The First 10 Movie Remakes Ever Made
1. Une partie de cartes (1896)
The Lumière brothers, Auguste and Louis, were among the first filmmakers in history. They began making moving pictures in 1892, even patenting an early film camera called a cinematograph. They held their first private screening in 1895 to an audience of 200 people, followed by their first public screening later that year, where they presented ten short films.
One of Louis’s films was Partie d'écarté (1896), the title of which translates to Card Game, also known as The Messers. Lumière at Cards. This one-minute film shows two men sitting at a table on a patio, playing cards, while a third man watches them and a waiter brings wine. The third man pours the wine, and they all raise their glasses in a toast.
Later that year, director Georges Méliès remade the film under the title Une partie de cartes (1896), which translates to Card Party or Playing Cards. This was the first film of Méliès’s prolific career, and he even stars in it alongside his brother Gaston and his daughter Georgette.
The remake was filmed in Méliès’s own backyard. Gaston and another man play cards while Méliès himself smokes and reads a newspaper. He calls over Georgette and has her retrieve a woman with a bottle of wine. Méliès pours the wine and reads a story from the newspaper out loud, making the others laugh.
2. The Kiss (1900)
The Kiss (1896)—also known as The May Irwin Kiss, The Rice-Irwin Kiss and The Widow Jones—was one of the first films shown commercially to the public. Directed by William Heise for Edison Studios, this eighteen-second film depicts middle-aged actors May Irwin and John Rice sharing a kiss in a reenactment of a scene from the play The Widow Jones.
As this was the first kiss ever shown on film, it was considered shocking and obscene to critics and audiences at the time. The Roman Catholic Church publicly denounced it and called for censorship and moral reform. Some critics even called for the police to put an end to screenings of the film.
Four years later, Edison Studios remade the film with younger and more conventionally attractive actors. Interestingly, The Kiss (1900) was released without any controversy or public outcry, despite being longer and portraying more passion and physicality between the two actors.
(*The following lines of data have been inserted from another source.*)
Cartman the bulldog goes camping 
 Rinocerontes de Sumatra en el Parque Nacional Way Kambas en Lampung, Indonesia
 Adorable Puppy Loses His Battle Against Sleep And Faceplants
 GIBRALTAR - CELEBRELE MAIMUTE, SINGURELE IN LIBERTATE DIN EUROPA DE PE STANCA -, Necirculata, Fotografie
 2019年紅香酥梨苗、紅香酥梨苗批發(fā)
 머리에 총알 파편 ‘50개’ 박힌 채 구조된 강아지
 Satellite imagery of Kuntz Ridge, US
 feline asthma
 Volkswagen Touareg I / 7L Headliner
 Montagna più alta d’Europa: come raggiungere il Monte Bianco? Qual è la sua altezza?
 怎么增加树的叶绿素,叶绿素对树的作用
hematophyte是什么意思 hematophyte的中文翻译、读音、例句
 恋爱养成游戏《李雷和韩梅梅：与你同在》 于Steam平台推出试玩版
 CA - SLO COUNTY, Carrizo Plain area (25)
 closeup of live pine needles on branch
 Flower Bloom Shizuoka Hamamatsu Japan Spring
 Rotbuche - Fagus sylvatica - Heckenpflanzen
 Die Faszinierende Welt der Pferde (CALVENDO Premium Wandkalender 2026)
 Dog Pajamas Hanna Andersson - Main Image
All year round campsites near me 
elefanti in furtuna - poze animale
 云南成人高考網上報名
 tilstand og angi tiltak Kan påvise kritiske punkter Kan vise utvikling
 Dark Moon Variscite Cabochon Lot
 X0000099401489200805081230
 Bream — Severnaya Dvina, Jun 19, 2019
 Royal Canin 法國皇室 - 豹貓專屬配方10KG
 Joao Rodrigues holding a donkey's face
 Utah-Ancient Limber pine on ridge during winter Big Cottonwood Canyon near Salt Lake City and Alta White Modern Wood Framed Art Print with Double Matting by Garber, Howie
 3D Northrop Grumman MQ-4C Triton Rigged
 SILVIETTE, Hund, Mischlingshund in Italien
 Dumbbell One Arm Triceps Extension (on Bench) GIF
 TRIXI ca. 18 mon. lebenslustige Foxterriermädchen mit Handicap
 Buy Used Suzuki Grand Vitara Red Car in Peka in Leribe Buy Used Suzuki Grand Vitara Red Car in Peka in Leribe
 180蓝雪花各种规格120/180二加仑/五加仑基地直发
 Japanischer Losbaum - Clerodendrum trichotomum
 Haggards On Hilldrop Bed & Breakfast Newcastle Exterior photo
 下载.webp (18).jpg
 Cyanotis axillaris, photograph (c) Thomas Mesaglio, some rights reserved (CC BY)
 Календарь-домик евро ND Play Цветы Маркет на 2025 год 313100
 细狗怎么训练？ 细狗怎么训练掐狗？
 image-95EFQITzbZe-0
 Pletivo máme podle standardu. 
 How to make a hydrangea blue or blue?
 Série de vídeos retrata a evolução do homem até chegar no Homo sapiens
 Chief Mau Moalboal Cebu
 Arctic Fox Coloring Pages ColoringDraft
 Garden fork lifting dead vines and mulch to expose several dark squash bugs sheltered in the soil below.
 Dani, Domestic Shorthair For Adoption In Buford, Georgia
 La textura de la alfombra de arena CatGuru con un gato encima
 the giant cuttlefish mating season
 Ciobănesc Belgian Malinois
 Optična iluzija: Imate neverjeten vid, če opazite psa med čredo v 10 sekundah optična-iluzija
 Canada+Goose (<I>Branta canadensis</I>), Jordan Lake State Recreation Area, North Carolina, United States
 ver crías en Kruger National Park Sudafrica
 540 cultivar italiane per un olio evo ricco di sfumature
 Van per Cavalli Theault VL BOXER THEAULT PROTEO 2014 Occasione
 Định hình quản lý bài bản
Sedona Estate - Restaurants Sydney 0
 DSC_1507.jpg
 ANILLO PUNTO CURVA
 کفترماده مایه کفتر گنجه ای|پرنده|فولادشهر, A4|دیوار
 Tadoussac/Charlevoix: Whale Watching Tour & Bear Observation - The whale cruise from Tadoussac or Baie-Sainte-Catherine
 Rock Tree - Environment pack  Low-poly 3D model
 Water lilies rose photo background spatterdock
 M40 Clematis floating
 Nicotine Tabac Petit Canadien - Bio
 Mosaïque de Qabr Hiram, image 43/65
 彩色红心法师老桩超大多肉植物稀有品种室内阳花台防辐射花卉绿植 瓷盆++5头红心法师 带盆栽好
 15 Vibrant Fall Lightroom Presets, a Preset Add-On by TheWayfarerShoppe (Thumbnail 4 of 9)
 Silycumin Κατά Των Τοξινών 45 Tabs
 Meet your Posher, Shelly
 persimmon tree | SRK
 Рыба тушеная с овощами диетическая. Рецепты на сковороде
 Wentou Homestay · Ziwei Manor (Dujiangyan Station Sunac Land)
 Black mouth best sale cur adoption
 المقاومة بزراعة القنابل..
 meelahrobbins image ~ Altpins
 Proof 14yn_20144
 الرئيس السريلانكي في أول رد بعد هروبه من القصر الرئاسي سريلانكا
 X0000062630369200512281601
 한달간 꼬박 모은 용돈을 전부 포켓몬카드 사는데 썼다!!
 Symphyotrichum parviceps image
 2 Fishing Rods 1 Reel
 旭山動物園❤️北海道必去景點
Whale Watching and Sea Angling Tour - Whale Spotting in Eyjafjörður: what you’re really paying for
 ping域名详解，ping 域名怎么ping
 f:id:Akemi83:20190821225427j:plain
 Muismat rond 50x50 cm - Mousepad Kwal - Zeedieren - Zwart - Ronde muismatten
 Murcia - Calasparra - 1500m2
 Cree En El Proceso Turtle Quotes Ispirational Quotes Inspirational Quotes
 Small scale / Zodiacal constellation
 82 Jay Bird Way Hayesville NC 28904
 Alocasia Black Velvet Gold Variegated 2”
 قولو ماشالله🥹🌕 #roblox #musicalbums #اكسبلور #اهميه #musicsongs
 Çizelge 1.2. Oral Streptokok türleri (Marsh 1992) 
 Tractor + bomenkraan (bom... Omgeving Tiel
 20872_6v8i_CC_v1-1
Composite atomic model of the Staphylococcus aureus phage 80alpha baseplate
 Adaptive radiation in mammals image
Though the actress’s identity is unknown, the lead actor is known to be Fred Ott, who appeared in some of the earliest movies ever made. He starred in Edison Kinetoscope Record of a Sneeze (1894) and Fred Ott Holding a Bird (1894). He also co-directed Dickson Experimental Sound Film (1984), the first union of moving pictures with audio.
3. Smashing a Jersey Mosquito (1903)
A comedic fantasy film entitled A Jersey Skeeter (1900) portrayed a New Jersey farmer complaining about the size of the local mosquitos, which have been pestering him. Out of nowhere a giant flying mosquito swoops down, seizes him, and carries him away.
This was directed by Arthur Marvin, who also directed Sherlock Holmes Baffled (1903), the first film to ever star the famous detective character. He also worked as a cinematographer for over 400 other films.
A Jersey Skeeter was remade by Edwin S. Porter on behalf of the Edison Company. The remake, entitled Smashing a Jersey Mosquito (1903), pits a husband and wife against a giant mosquito invading their home.
The husband and wife use various household items as weapons, but keep missing the mosquito and accidentally destroying mirrors, picture frames, and even the dining room table. Finally they wound the mosquito, and when the husband jumps on it, a massive explosion takes place that destroys the room.
4. Smith's Wife Inspects the New Typewriter (1903)
In a comedic short film entitled She Meets with Wife's Approval (1902), a suspicious wife visits her husband's office to see the young woman who's been hired as a secretary. She sees the secretary is hideous, and leaves satisfied and confident in her husband's fidelity.
Once the wife is gone, the secretary removes the ugly mask she was wearing, revealing that she and the husband conspired to trick his wife so she wouldn't suspect their affair.
Edwin S. Porter, employed by the Edison Company, remade this film as Smith's Wife Inspects the New Typewriter (1903). The only difference between the remake and the original is that the wife brings her child with her when she visits her husband's office.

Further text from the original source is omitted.